02:38 Due to the complex operation of the injectors themselves, coupled with the physical fitment to the engine, swapping to larger injectors from a different engine or even aftermarket injectors is difficult or in some cases impossible.
02:52 This leads to some challenges if we're aiming to increase engine performance by virtue of a significant increase in fuel delivery.
03:01 Fortunately there is a work around here as the injector is designed as a two part system.
03:07 We have the injector body which houses the actuation system which we've just discussed, along with a nozzle which is the part of the injector that locates into the combustion chamber and includes a number of tiny holes through which the fuel is physically sprayed into the cylinder.
03:23 In the aftermarket we often have access to larger or modified nozzles that can supply more fuel for a given injector pulse width.
03:31 As diesel engine development has advanced and we've seen a drive for improved fuel economy and lower emissions, manufacturers have put more emphasis into the design of their injector nozzles.

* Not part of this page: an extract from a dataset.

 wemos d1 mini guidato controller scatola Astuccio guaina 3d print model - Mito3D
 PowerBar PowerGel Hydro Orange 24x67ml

03:42 In particular we've seen the size of the holes in the nozzle shrink and these may be in the region of 0.4 millimetres or thereabouts.
03:51 These very small holes coupled with increased fuel pressure allow for better atomisation of the fuel.
03:57 In order to supply sufficient fuel in a given pulse width, more holes are used and this also allows the manufacturer to control how and where the fuel is distributed within the combustion chamber.
04:09 One of the problems of modern injector production is accurately replicating the size of these holes across every injector in a mass manufacturing situation.
04:19 It's possible for example to see a variation that may be as great as 20% across a set of production injectors.
04:27 The result is that there can be significant differences in injector flow from one injector to the next.
04:33 Obviously this will have a big impact on the fuel delivery to the engine, so in the OE world this is dealt with by an individual code on each injector which describes its flow characteristics.